Microsoft has some guides that you can download on this listed on their site under:

Common Criteria Supplemental Admin Guidance for Windows 7 and Windows Server 2008 R2

As well as additional information under Common Criteria Certifications

But this is for THEIR certifications and configurations which yours would be based on top of being configured as they specify. If your application is to be certified as well then you will need to hire an outside company to certify you and that isn't cheap and can take around a year with all of the flaws that they find. Here's one I found on Google and I am not affiliated in any way, just the first result I found.

If you JUST need to validate the installation as per CC then the Microsoft guide references THIS guide.
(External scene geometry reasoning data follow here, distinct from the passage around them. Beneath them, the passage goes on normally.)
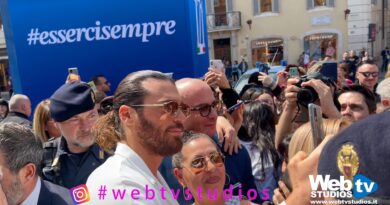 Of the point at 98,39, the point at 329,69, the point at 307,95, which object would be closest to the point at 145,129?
the point at 307,95

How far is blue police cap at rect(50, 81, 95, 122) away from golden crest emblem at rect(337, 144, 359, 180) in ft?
7.78

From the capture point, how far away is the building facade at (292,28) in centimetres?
2394

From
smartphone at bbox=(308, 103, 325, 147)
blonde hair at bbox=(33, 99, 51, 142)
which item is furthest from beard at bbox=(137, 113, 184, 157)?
blonde hair at bbox=(33, 99, 51, 142)

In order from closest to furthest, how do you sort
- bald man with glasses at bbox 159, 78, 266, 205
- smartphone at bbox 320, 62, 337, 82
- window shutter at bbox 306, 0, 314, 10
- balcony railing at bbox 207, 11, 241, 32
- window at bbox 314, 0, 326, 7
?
bald man with glasses at bbox 159, 78, 266, 205 < smartphone at bbox 320, 62, 337, 82 < window at bbox 314, 0, 326, 7 < window shutter at bbox 306, 0, 314, 10 < balcony railing at bbox 207, 11, 241, 32

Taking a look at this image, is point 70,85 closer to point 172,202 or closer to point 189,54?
point 172,202

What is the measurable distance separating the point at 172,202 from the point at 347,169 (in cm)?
103

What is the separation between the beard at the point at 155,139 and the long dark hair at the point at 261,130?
1.40 m

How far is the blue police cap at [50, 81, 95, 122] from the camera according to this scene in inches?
119

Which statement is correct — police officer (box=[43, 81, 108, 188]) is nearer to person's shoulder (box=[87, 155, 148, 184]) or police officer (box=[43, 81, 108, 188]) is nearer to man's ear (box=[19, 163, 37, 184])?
man's ear (box=[19, 163, 37, 184])

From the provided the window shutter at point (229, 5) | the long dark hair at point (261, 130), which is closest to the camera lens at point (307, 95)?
the long dark hair at point (261, 130)

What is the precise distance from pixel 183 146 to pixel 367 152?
1449 millimetres

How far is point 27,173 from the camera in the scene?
7.04ft

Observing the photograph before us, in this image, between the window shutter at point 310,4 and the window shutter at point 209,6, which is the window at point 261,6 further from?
the window shutter at point 209,6

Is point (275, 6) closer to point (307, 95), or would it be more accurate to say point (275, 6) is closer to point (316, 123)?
point (307, 95) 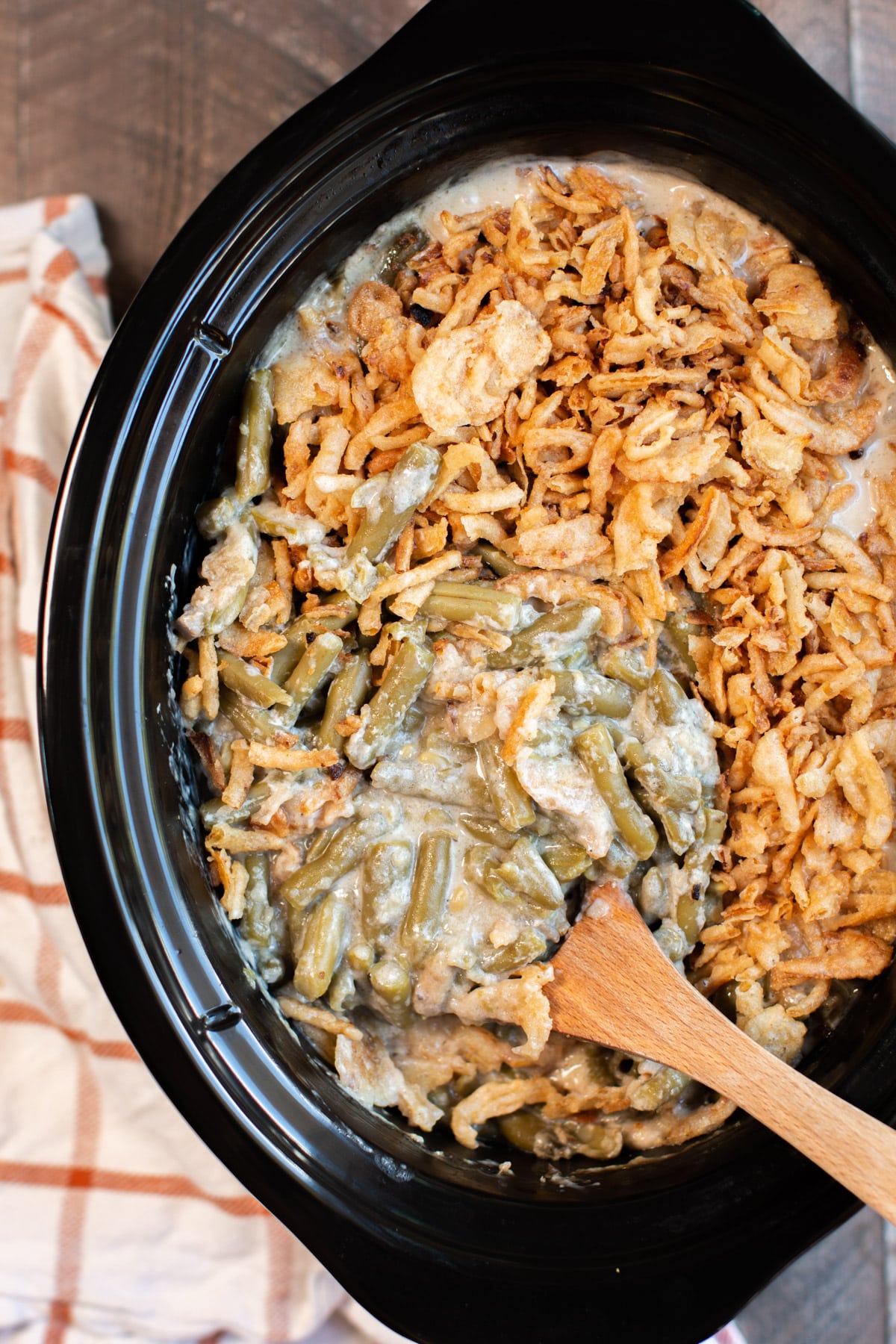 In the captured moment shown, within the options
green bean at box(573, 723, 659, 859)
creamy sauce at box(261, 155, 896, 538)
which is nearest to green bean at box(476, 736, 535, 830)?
green bean at box(573, 723, 659, 859)

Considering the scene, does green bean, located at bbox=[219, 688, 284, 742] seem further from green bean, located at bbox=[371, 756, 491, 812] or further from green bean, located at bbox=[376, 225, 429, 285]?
green bean, located at bbox=[376, 225, 429, 285]

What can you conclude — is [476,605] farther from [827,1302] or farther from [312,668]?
[827,1302]

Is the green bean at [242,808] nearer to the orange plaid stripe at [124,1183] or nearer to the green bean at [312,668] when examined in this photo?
the green bean at [312,668]

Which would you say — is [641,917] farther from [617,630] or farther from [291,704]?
[291,704]

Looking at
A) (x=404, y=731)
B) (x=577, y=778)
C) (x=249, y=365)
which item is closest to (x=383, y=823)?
(x=404, y=731)

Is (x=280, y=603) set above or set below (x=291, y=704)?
above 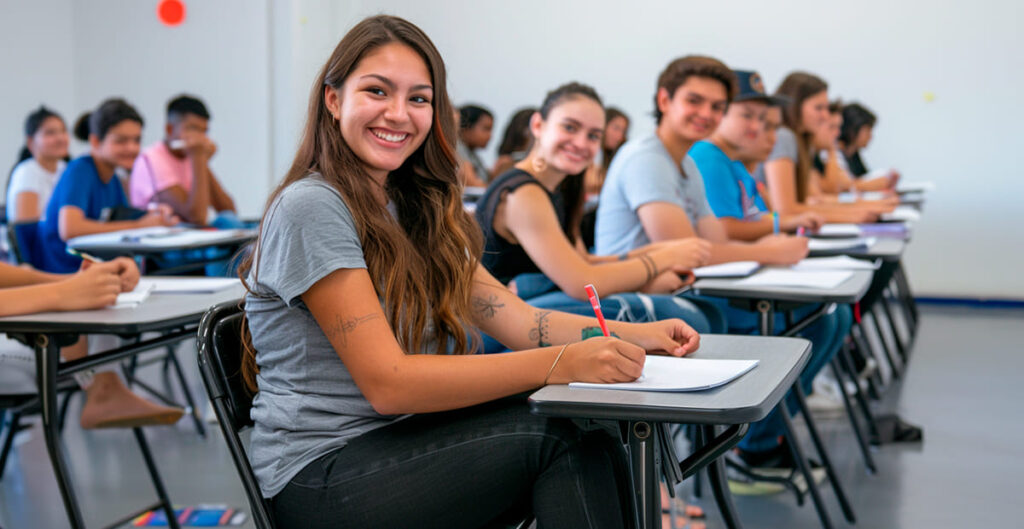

After installing the OS the CC guide references to follow the hardening guide: Windows Server 2008 R2 Security Baseline

I would advise who ever submitted this requirement that they be notified that Server 2008 is EOL on 1-14-2020 so IF they choose to NOT upgrade to a newer version of Windows then even if it's secured today that it will get hacked once updates are no longer available. There is a migration guide available on that link but I've worked in "legacy" environments and the best thing to do is start from scratch from the OS on something supported then reverse engineer the registry and installation of programs that will no longer re-install on modern OS's and create your own installation scripts to hack together a solution. During this phase I would HIGHLY recommend using snapshots of before any changes on your target VM so you can roll back over and over until you get it figured out. Then do a final roll-back and run your latest script and validate it is working. I have done this too many times and it's a royal pain, BUT it’s the cost of doing inefficient business when for whatever reason when someone claims that a "legacy" system cannot be replaced, just move it.

Lastly, I have had Windows updates kill "legacy" programs which needs to be mentioned to the person, group, or company with the requirements that IF an update kills the application then you cannot guarantee that you can roll back the update because sometimes you can't so while the solution may bridge the transition today long term it needs to be properly addressed.